**Work order:**
All pictures are to be omitted while the lines starting at the line with "Russ Berrie Teddy" and ending at the line with "Leather Women's Wallet, Large" in the material below are retyped exactly, both ends included.

**Recorded information:**

+++

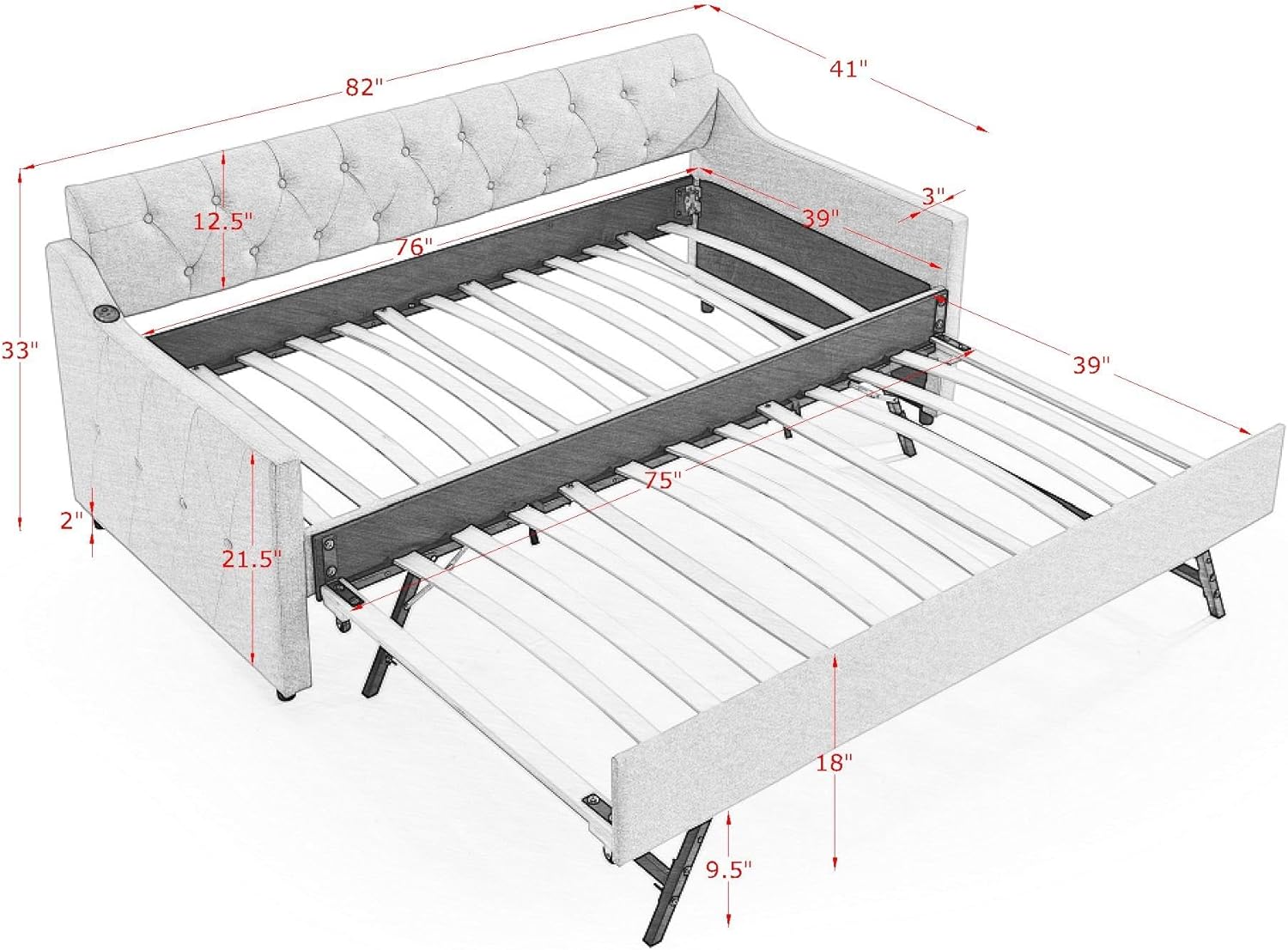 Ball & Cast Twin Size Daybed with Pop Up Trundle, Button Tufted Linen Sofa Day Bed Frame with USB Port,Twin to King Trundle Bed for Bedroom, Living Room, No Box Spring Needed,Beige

+++

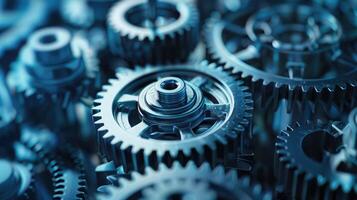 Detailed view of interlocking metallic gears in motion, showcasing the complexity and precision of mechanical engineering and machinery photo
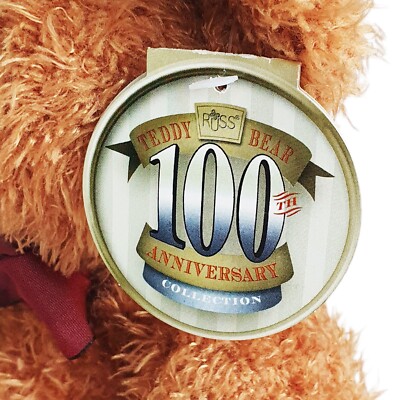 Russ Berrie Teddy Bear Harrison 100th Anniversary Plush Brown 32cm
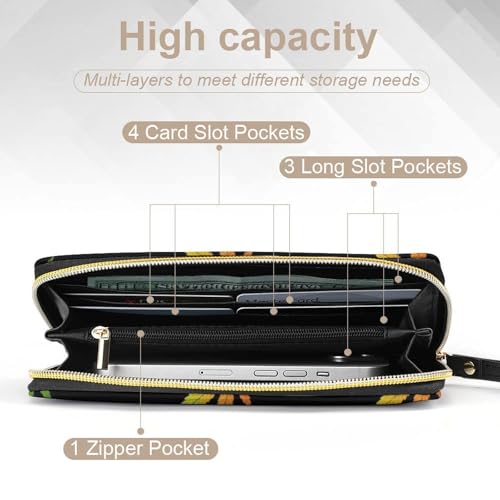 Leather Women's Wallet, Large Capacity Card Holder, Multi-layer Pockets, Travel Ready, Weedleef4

+++

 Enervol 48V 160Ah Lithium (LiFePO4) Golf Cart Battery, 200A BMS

+++

**Response for this exercise:**
 Russ Berrie Teddy Bear Harrison 100th Anniversary Plush Brown 32cm
 Leather Women's Wallet, Large Capacity Card Holder, Multi-layer Pockets, Travel Ready, Weedleef4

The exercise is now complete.